Two important figures of Turkish and Armenian folk music, Erdal Akkaya and Ara Dinkjian, were together recently on the same stage in İstanbul, performing at a special charity concert at the Hagia Eirene Museum, reported Today’s Zaman (Turkey).

“We have been working on this project with Dinkjian for a year, and we started this initiative in order to maintain the humanism, love and memory of Anatolia,” said Akkaya.

“We're here to see what we have in common and respect our differences,” Dinkjian said in turn.

Ara Dinkjian is a member of a family that migrated to the United States from the southeastern Anatolian province of Diyarbakır in the 19th century and son of Armenian folk musician Onnik Dinkjian.


David Nalbandian, a professional tennis player of Italian and Armenian descent, has announced the terms of his return on his official website. He plans to take part in an exhibition tournament in Buenos Aires on December 17. He also plans to play in the tournament in San Juan on December 12-13. However, before making a final decision, the tennis player has to consult his doctor. Nalbandian is now taking a course of rehabilitation after an operation on the thigh bone this May.

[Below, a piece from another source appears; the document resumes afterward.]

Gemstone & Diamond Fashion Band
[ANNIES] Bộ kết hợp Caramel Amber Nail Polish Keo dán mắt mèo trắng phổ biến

Armenian football coaches are not at the head of the teams of premier leagues in other countries.
The only pleasant exception is Poghos Galstyan, the former player of Yerevan Ararat team of the Soviet times. He is residing in Russia now and was invited to the Krasnodar-based Kuban team to save the cub from being “knocked out” of the Russian football elite. In his interview with the Football 365 weekly, Galstyan said that he “returned to the club experiencing hard times. I am a person that likes overcoming difficulties.”

As regards the development of Armenian football, he expressed regret he cannot watch all the matches the Armenian national team plays. “However, thanks to mass media and my friends from Armenia I am well-informed of all that is going on with Armenian football. I should say that the team played quite a worthy elimination game with the Belgian team. We at last proved our ability to win. I think that it is the first two defeats that account for the team’s unhappy plays in the knockout tournament – that was a psychological breakdown for the boys… As regards the forthcoming matches with the Spanish and Turkish teams, the footballers should not focus on results. They should just come out and show adventurous football. Then we can think of dividends,” Galstyan said.

The professional boxer Arthur Abraham, IBF Middleweight World ex-champion, is training hard before his fight with Jermain Taylor in Berlin on October 17, as part of the first round of the Showtime super tournament.

“Jermain is a great champion. He is a legend. But he will not defeat me before my fans. He is strong enough. I am sure it will be a thrilling fight. I should say that it is not a strong boxer, but a clever one, that wins,” Abraham said.